Biography

WILLIAM BOYD has received world-wide acclaim for his novels which have been translated into over thirty languages.

They are: A Good Man in Africa (1981, winner of the Whitbread Award and the Somerset Maugham Prize) An Ice Cream War (1982, shortlisted for the 1982 Booker Prize and winner of the John Llewellyn Rhys Prize), Stars and Bars (1984), The New Confessions (1987), Brazzaville Beach (1990, winner of the McVitie Prize and the James Tait Black Memorial Prize) The Blue Afternoon (1993, winner of the 1993 Sunday Express Book of the Year Award and the Los Angeles Times Book Award for Fiction, 1995), Armadillo (1998) and Any Human Heart (2002, winner of the Prix Jean Monnet). His novels and stories have been published around the world and have been translated into over thirty languages.  He is also the author of a collection of screenplays and a memoir of his schooldays, School Ties (1985); three collections of short stories: On the Yankee Station (1981), The Destiny of Nathalie ‘X’ (1995) and Fascination (2004). He also wrote the speculative memoir Nat Tate: an American Artist — the publication of which, in the spring of 1998, caused something of a stir on both sides of the Atlantic. A collection of his non-fiction writings, 1978-2004, entitled Bamboo, was published in October 2005. His ninth novel, Restless, was published in September 2006 (Costa Book Award, Novel of the Year 2006) followed by, Ordinary Thunderstorms (2009), Waiting for Sunrise (2012), Solo (a James Bond novel – 2013) and Sweet Caress (2015). His forth collection of short stories entitled The Dreams of Bethany Mellmoth appeared in 2017. A new novel, his fifteenth, Love is Blind was published in September 2018.

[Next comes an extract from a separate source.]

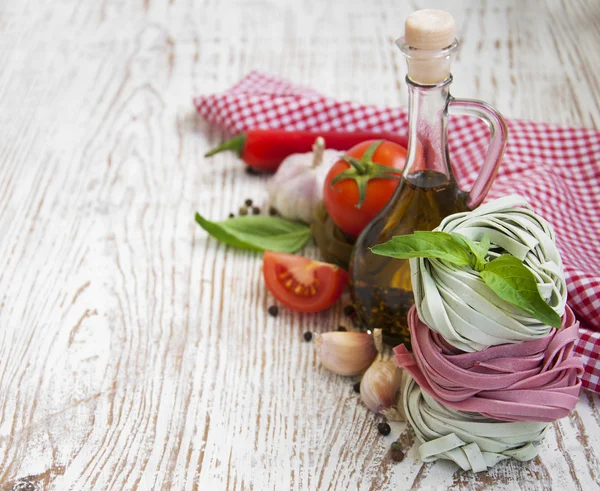 Ingredientes para massas italianas — Fotografia de Stock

Born in Accra, Ghana, in 1952, Boyd grew up there and in Nigeria.

He was educated at Gordonstoun School and attended the universities of Nice (Diploma of French Studies) and Glasgow (M.A.Hons in English and Philosophy) and Jesus College, Oxford, where he studied for a D.Phil in English Literature. He was also a lecturer in English Literature at St. Hilda’s College, Oxford, from 1980-83. He is a Fellow of the Royal Society of Literature, an Honorary Fellow of Jesus College, Oxford, and an Officier de l’Ordre des Arts et des Lettres. He has been presented with honorary Doctorates in Literature from the universities of St. Andrews, Stirling, Glasgow and Dundee. In 2005 he was awarded the CBE.

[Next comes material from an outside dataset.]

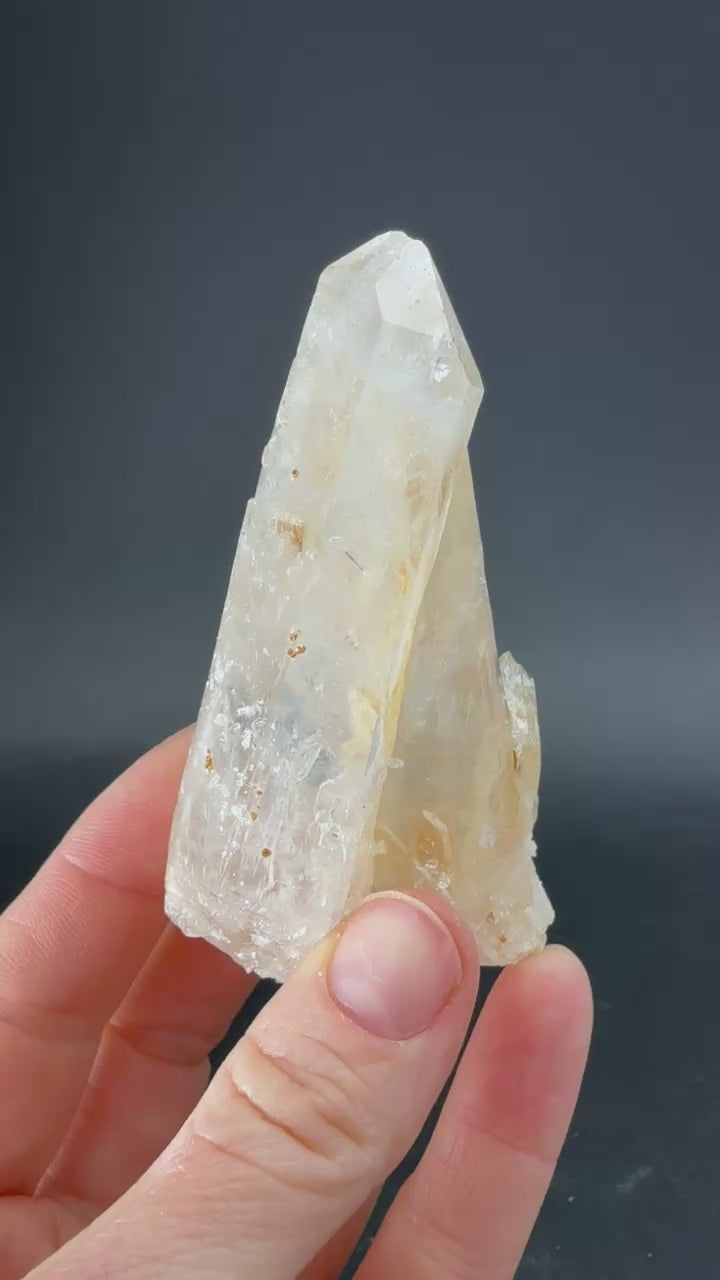 3.5" Blue Smoke Colombian Lemurian TW530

His many screenwriting credits include Stars and Bars (1987, dir. Pat O’Connor), Mr Johnson (1990, dir. Bruce Beresford), Aunt Julia and the Scriptwriter (1990, dir. Jon Amiel), Chaplin (1992, dir. Richard Attenborough) A Good Man in Africa (1993, dir. Bruce Beresford), The Trench (1999, which Boyd also directed) and Man to Man (2005, dir. Régis Wargnier). He adapted Evelyn Waugh’s Scoop for television (1988) and also Waugh’s Sword of Honour trilogy (2001). His own three-part adaptation of his novel Armadillo was screened on BBC 1 in 2001 as was his adaptation of his novel Restless (2012). His film about Shakespeare and his sonnets — A Waste of Shame — was made in 2005 for BBC 4. His 5-hour adaptation of his novel Any Human Heart (Channel 4 2010 won the BAFTA for “Best Series”. He has written two original TV films about boarding-school life in England — Good and Bad at Games (1983) and Dutch Girls (1985).

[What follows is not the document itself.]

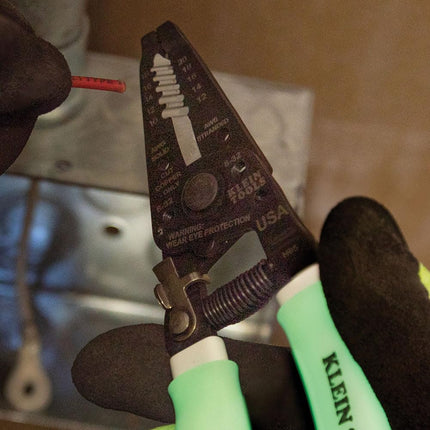 KLEIN TOOLS Wire Stripper/Cutter, Klein-Kurve Stripper/Cutter, 10-18 AWG Solid, 12-20 AWG Stranded Wire, Glow in The Dark Grips 11055GLW, High-Visibility Handle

Boyd also writes for the theatre. His first play was SIX PARTIES that premiered at the Cottesloe Theatre as part of the National Theatre’s New Connections series in 2009. This was followed by LONGING, in 2013, on the main stage at Hampstead Theatre, an adaptation of two short stories by Anton Chekhov. LONGING is currently playing in repertoire in St Petersburg, Russia, and in Tallinn, Estonia. THE ARGUMENT, a dark comedy, is his first play with a wholly contemporary setting. It was premiered at Hampstead Downstairs(2016) and has recently had a new production at the Theatre Royal Bath.

He is married and divides his time between London and South West France.